Iran is also “laser-focused” on driving all U.S. troops from both Syria and Iraq, Carl said. The Pentagon reported in 2019 that Iranian-backed militants killed 603 U.S. troops in Iraq between 2003 and 2011.

The recent drone and rocket attacks and the U.S. airstrikes represent the heaviest reported fighting between U.S troops and Iranian proxy forces in Syria since this past August when an unspecified number of AC-130 gunships and AH-64 Apache attack helicopters struck Iranian-backed groups after an attack on the Green Village.

Despite the recent attacks, the U.S.-led coalition will continue its mission to defeat ISIS in Syria, said Army Maj. Matthew McFarlane, the commanding general of Combined Joint Task Force – Operation Inherent Resolve.

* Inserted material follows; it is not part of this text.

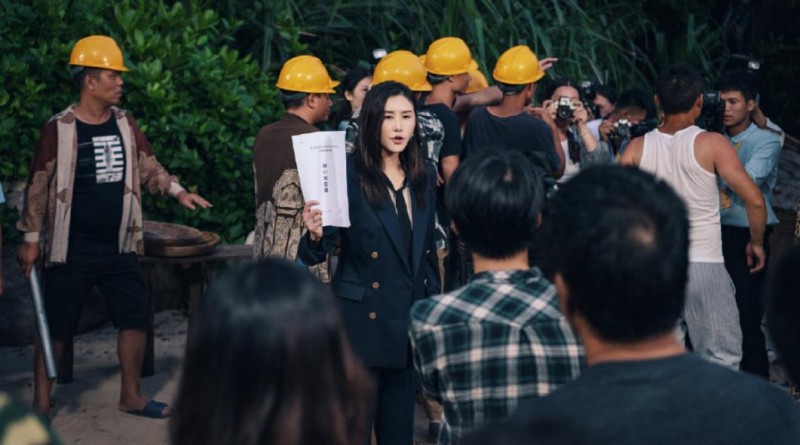 电视剧湾区儿女剧情分集介绍第14集
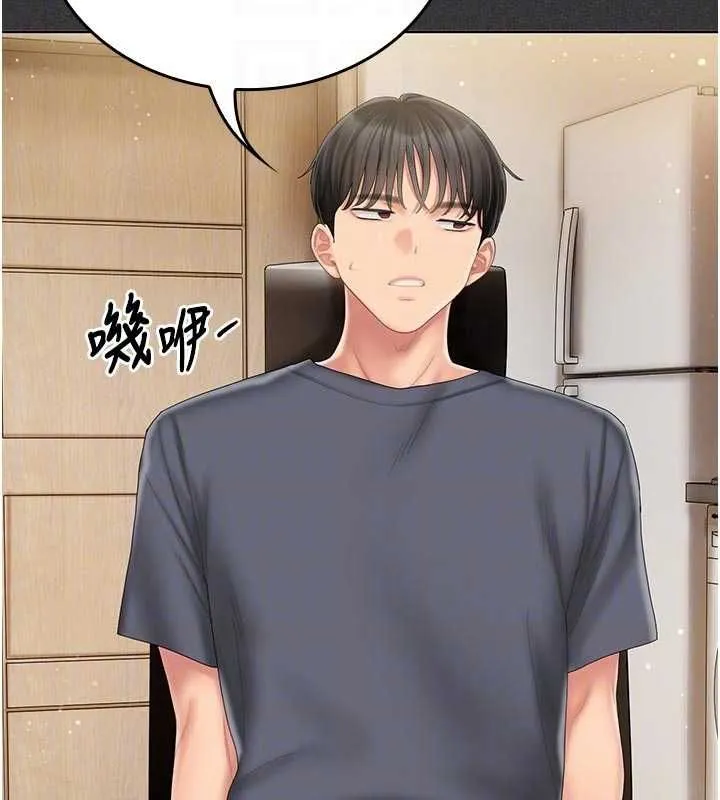 我的in援团 - 第5話-和恩妮的關係 - page 94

“The Coalition is focused on our D-ISIS [defeat ISIS] mission, but we monitor threats across Iraq and Syria very closely,” McFarlane said in a statement to Task & Purpose. “We stand prepared to address any of these threats that prevent us from pursuing our D-ISIS mission.”

President Joe Biden has also warned Iran that the United States would respond to any further attacks against American troops.

“The United States does not – does not, I emphasize – seek conflict with Iran, but be prepared for us to act forcefully to protect our people,” Biden said during a March 24 news conference in Canada.

When a reporter asked if the United States would inflict a higher cost on Iran if attacks against U.S. troops continued, Biden replied, “We are not going to stop.”

UPDATE: 03/27/2023; this story was updated on March 27 after Army Col. Joe Buccino, a spokesman for U.S. Central Command, said that one service member was injured by a March 24 rocket attack in Syria.